See above for the requirements no one told you about.
...
Should you go to ECC, use P-256; do not use some variant of 25519. You want
to be in a crowd. You want to use something that lots of smart people have
looked at. That means P-256. For *any* counter argument, please supply the
requirement or goal that makes P-256 the inferior choice, preferably with a
metric.

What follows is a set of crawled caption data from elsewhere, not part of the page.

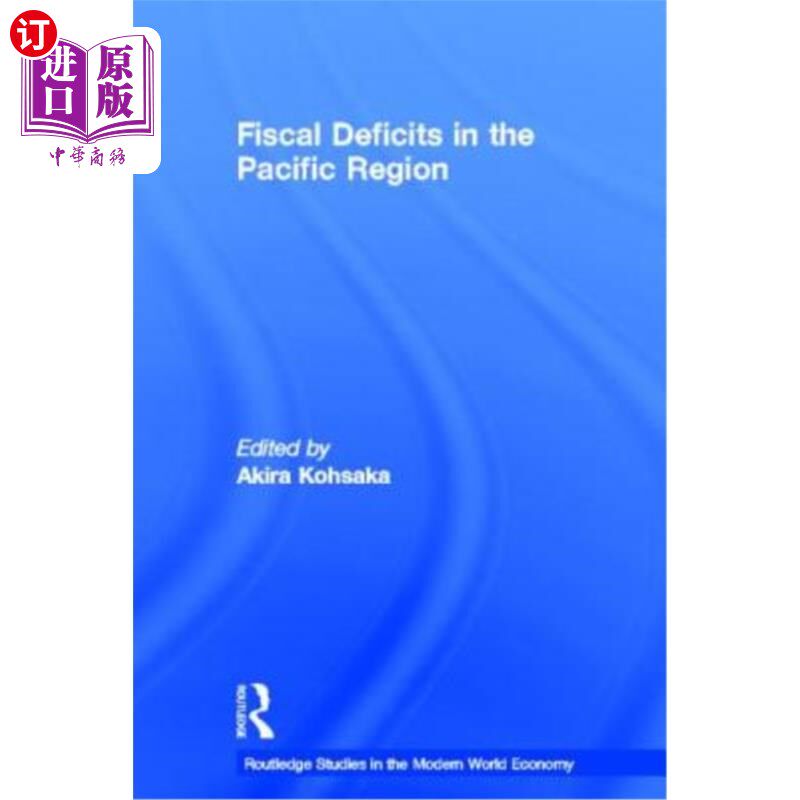 海外直订Fiscal Deficits in the Pacific Region 太平洋地区的财政赤字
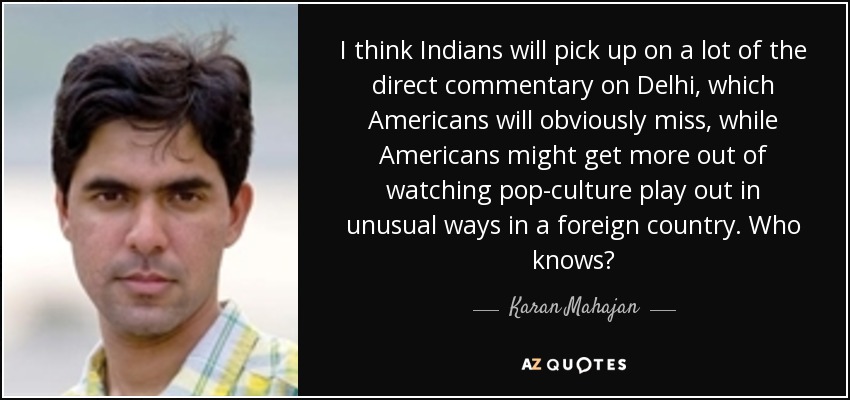 I think Indians will pick up on a lot of the direct commentary on Delhi, which Americans will obviously miss, while Americans might get more out of watching pop-culture play out in unusual ways in a foreign country. Who knows? - Karan Mahajan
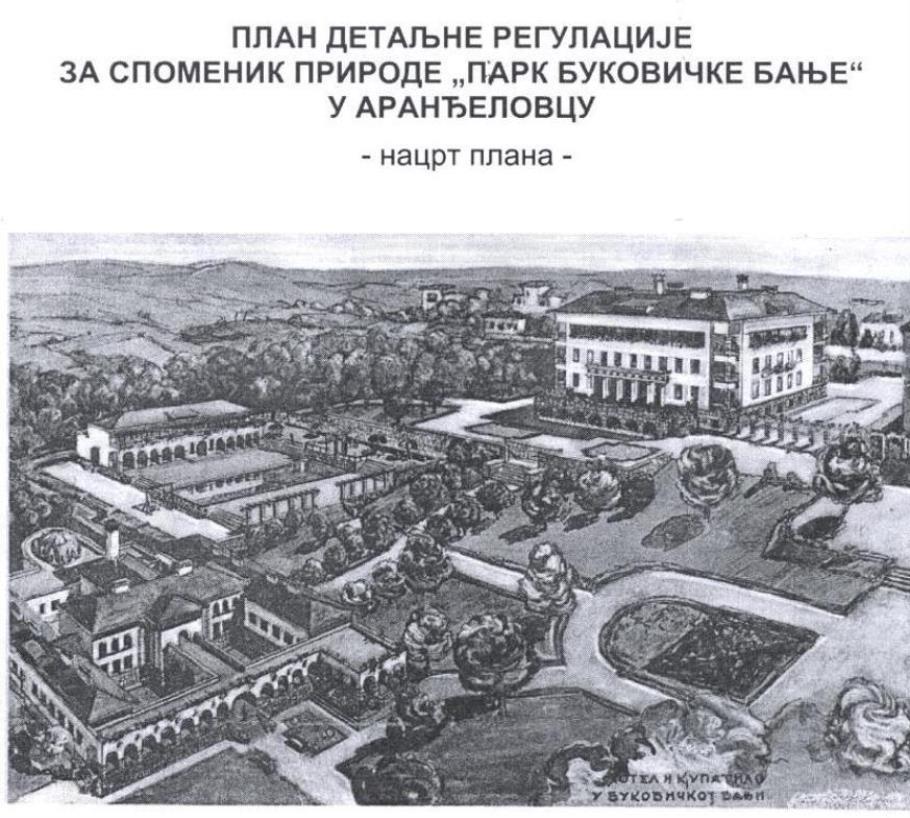 План детаљне регулације парка Буковичке бање – још један промашени пројекат општине Аранђеловац?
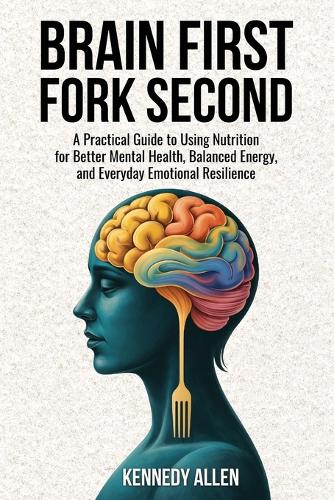 Brain First, Fork Second
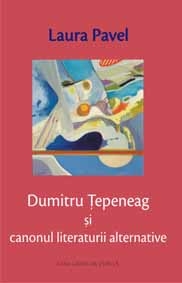 Dumitru Tepeneag si canonul literaturii alternative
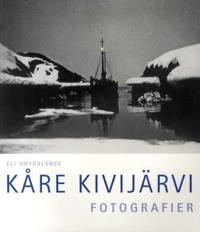 Kåre Kivijärvi; fotografier
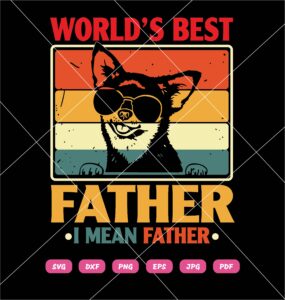 Worlds Best Farter I Mean Father SVG, Dog Dad SVG PNG DXF EPS
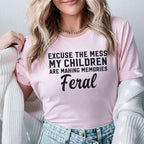 Excuse the Mess My Children Are Making Memories Feral T-Shirt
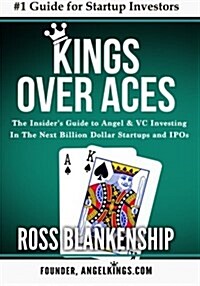 Kings Over Aces: The Insiders Guide to Angel and VC Investing in the Next Billion Dollar Startups and IPOs (Paperback)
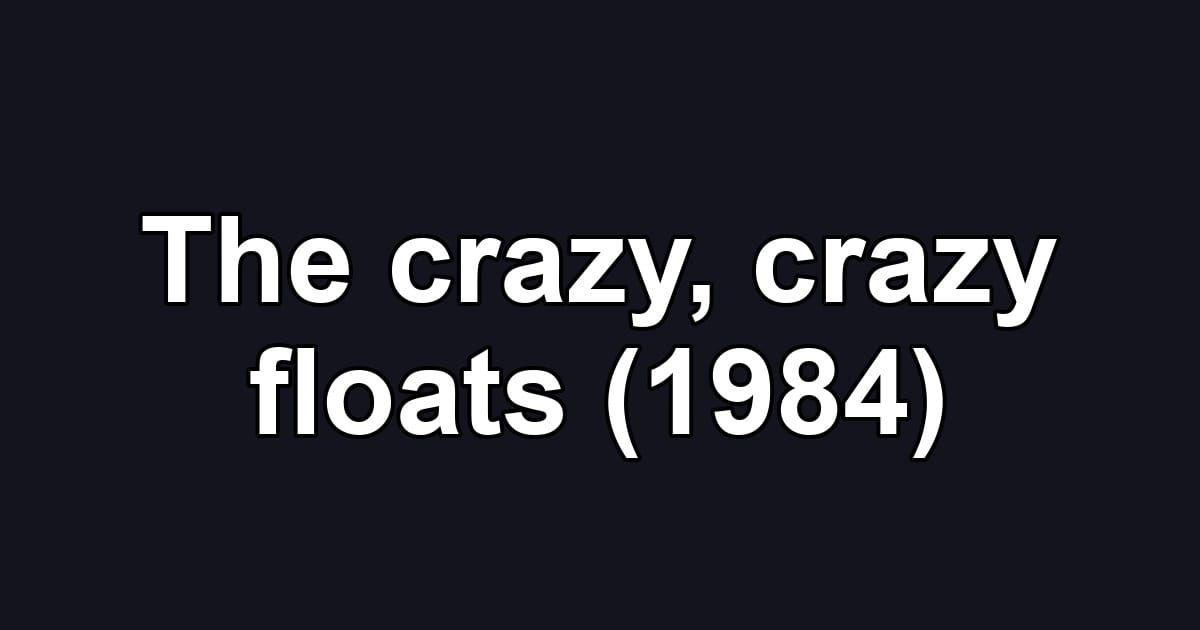 The crazy, crazy floats (1984)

Absent such, P-256 is your baby.
In the proposed ‘ntor’ handshake, the relay performs a scalar-multiply
operation on a user-specified group element, using a long-term secret
key.  Curve25519 has a secure ‘twist’, so the relay can skip the
group-membership test which might be required with other EC groups.
Because of that (potentially significant) performance advantage, we
have put some effort into improving at least one Curve25519
implementation.  (I should note here that relays do become overloaded
with circuit-extension crypto in the deployed Tor network, so we
really do need to care about performance.)

I have also seen parameters for an Edwards curve equivalent to
Curve25519; we will need the Edwards-curve parameters in order to
implement point addition efficiently in constant time for our EC
signature scheme.  I would rather not have to fuss around with finding
the/an Edwards curve corresponding to NIST P-256.

We can represent a Curve25519 public key in 51 base32 characters; we
would need one additional character for a base32-encoded P-256 public
key (assuming point reduction), and we wouldn't gain much (if any)
security.

Any one of these reasons should be sufficient to outweigh ‘NSA told us
to use X’.
...
* Stream ciphers. For a stream cipher, you should be doing at AES-CTR.
Really. Stop worrying about the warts. There are hardware implementations
with AES-NI, or attached hardware that don't have problems. ArmV8 has AES in
hardware along with SHA256, which another reason to stick to the
well-understood. AES-NI on an x64 processor runs at under 1 clock per byte.
That's all goodness.
I don't have one of those.  Why should I have to use a cipher which no
one has implemented securely *and* efficiently on my computer?  Why do
you want to continue to inflict side-channel leaks on our users in
oppressed countries who have even older computers?
...
If, for some reason, you really, really want to go off on a limb, then look
seriously at counter mode with either Twofish or Serpent, as they're likely
the next best-understood algorithms there are. However, there's not a lot of
glory in breaking them, so they haven't seen nearly as much work. Ditto for
any eStream cipher. If you must be trendy, then heck, please look at
Threefish, which runs twice as fast as AES and is inherently tweakable (note
again, that I'm a co-designer). But really, just use AES-CTR.
Twofish is designed to be implemented using S-boxes, just like AES.
Using Twofish gives us all of the side-channel attack risk and no
speed benefit.

Serpent is ridiculously slow.

Salsa20 looks like a Good Thing.  Salsa20/8 would be even better.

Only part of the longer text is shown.